Notably, in a parallel microdystrophin study sponsored by Genethon, investigators observed up to 85% of dystrophin positive myofibres by immunofluorescence 8-weeks post injection.[68] However, the gene replacement approach is likely to result in diminished pseudodystrophin production with time due to vector genome loss, epigenetic silencing of the transgene, and the dilution effect of non-transduced nuclei as a consequence of muscle growth and repair. Notably, repeat administration with AAV is currently challenging as the patient is effectively immunised to the treatment after the first dose.[67] Moreover, AAV poses a substantial safety risk with some clinical trials previously reporting fatal immune adverse effects using high doses of the viral vectors (including with the Pfizer microdystrophin).[69] As such, the search for efficacious and safe DMD therapeutics is far from over, with ASOs, gene therapy, utrophin (a natural dystrophin paralogue) upregulation,[70], and CRISPR-Cas9[71–73] all showing promise.[12] While most of these strategies mimic dystrophin protein (gene replacement) and target the dystrophin mRNA (ASOs) or gene (CRISPR-Cas9), numerous aspects of dystrophin biology remain underexplored and poorly understood. For example, relatively little is known about the specific mechanisms governing correct dystrophin localisation to the sarcolemma. For example, our group has shown that the pattern of dystrophin coverage across the sarcolemma is an important consideration for effective restoration of muscle integrity,[74] and that various therapeutic interventions restore dystrophin with distinct distribution patterns.[74] Specifically, ASO-mediated exon skipping induced a uniform pattern of dystrophin distribution, whereas CRISPR-Cas9-mediated exon deletion resulted in a patchy pattern of dystrophin at the sarcolemma.[58,72,75] As such, ASO therapy may present an advantage over other modalities in some cases, in terms of the uniformity of sarcolemmal dystrophin coverage post treatment.

Conclusions

In conclusion, while great progress has been made in the field of ASO-mediated exon skipping therapies for DMD, there is still a need for better drug delivery and improved efficacy. These challenges may be addressed through the use of novel ASO chemical modifications and bioconjugation.

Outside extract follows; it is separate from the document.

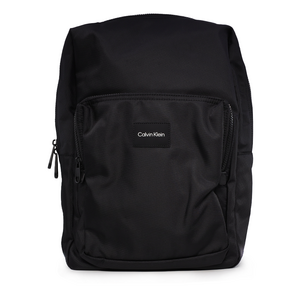 Unisex Calvin Klein black backpack made of recycled textile material 3106RUCS0534N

In this special festschrift issue, we recognise the career achievements of Professor Jenny Morgan. While Prof Morgan’s contributions to the field of satellite cell biology and myoblast transfer are widely recognised as world leading,[76–80] she has also made key contributions to the field of ASO-mediated exon skipping. Prof Morgan was a founding member of the MDEX consortium, which was instrumental in the development of eteplirsen, and was a major contributor and co-author on the first studies to demonstrate dystrophin exon skipping in human DMD patient muscle. [30,31] In addition, she has made numerous important contributions to this field, including development of a standardised method to assess exon-skipping in eteplirsen-treated patients and, more recently, in relation to the clinical evaluation of the exon 53 skipping compound golodirsen.[81,82] An immortalised myoblast cell line derived from the mdx mouse (H2K-mdx) developed by Prof Morgan has become a widely-used cell model for screening exon skipping compounds that is still in use today.[83] Collectively, these contributions have been critical for the clinical realisation of exon skipping as a highly novel DMD therapeutic modality, and form the foundations on which future developments are built.